Data for review ▸
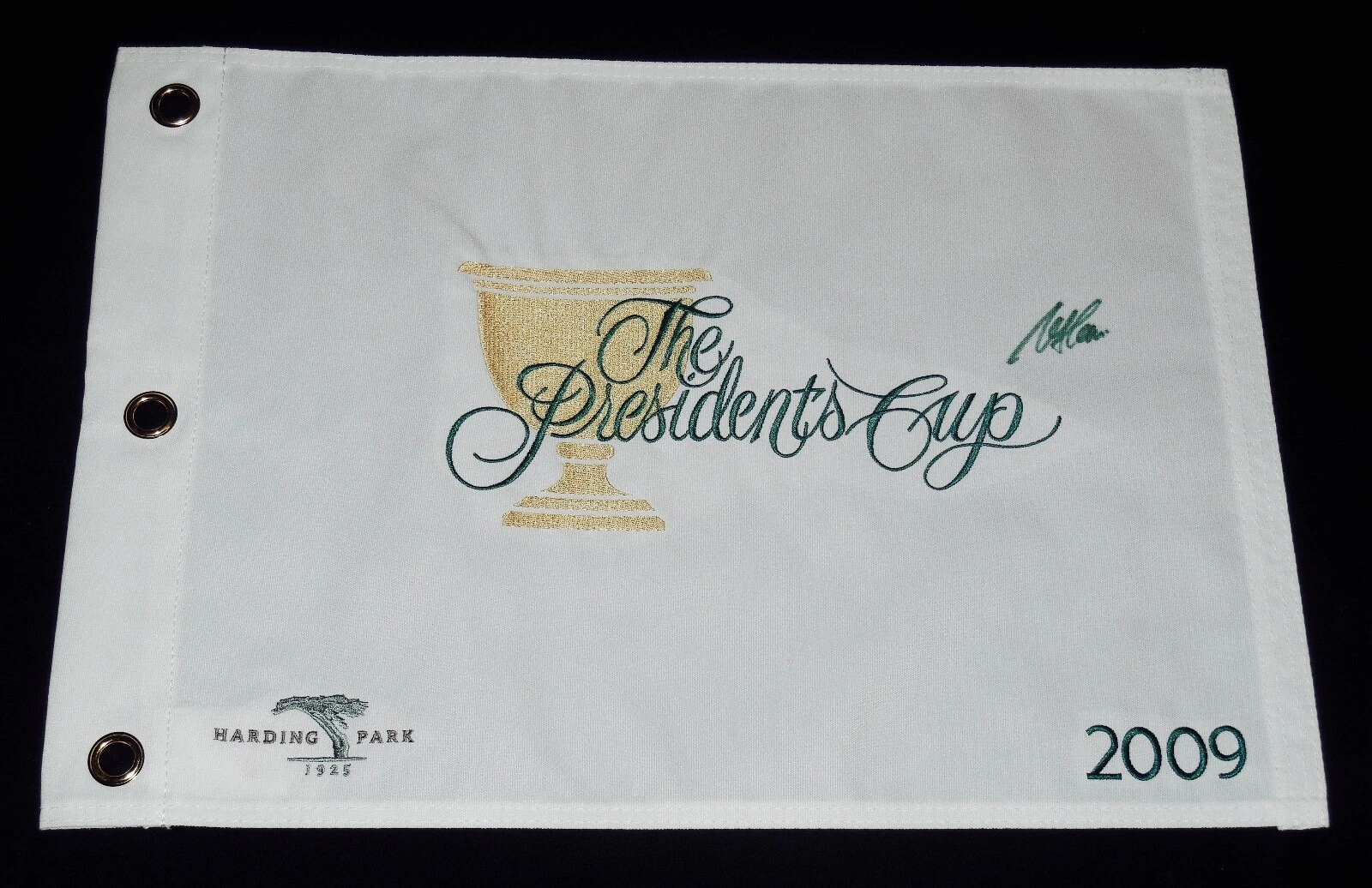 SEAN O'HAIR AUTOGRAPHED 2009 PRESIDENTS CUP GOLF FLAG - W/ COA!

--

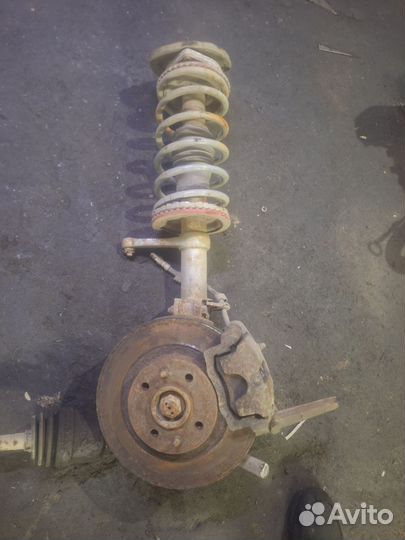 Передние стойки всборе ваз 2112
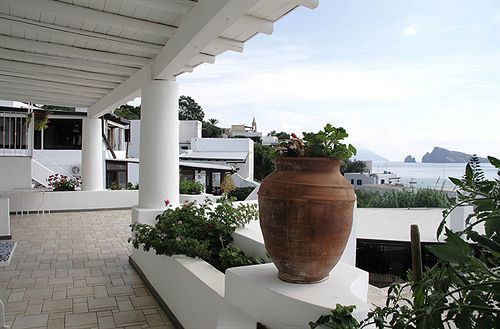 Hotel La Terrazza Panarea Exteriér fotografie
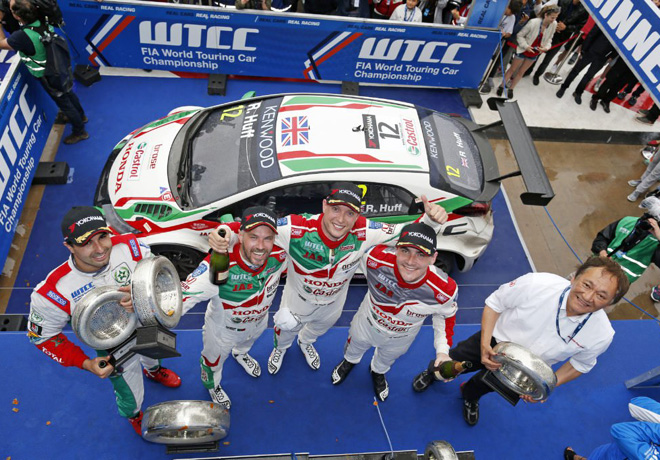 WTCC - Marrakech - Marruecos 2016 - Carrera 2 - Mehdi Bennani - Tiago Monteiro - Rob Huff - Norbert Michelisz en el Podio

==

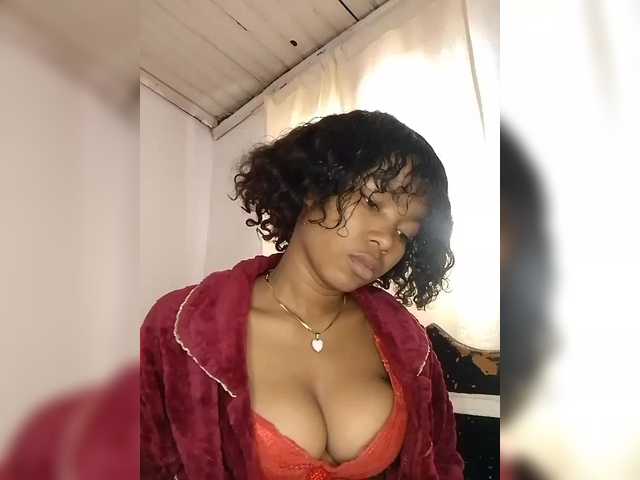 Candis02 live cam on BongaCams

Exercise instructions ▸
Transcribe the lines above exactly, beginning at the one with "Передние стойки всборе ваз 2112" and ending at the one with "WTCC - Marrakech". Include both; exclude the pictures.

Task output ▸
 Передние стойки всборе ваз 2112
 Hotel La Terrazza Panarea Exteriér fotografie
 WTCC - Marrakech - Marruecos 2016 - Carrera 2 - Mehdi Bennani - Tiago Monteiro - Rob Huff - Norbert Michelisz en el Podio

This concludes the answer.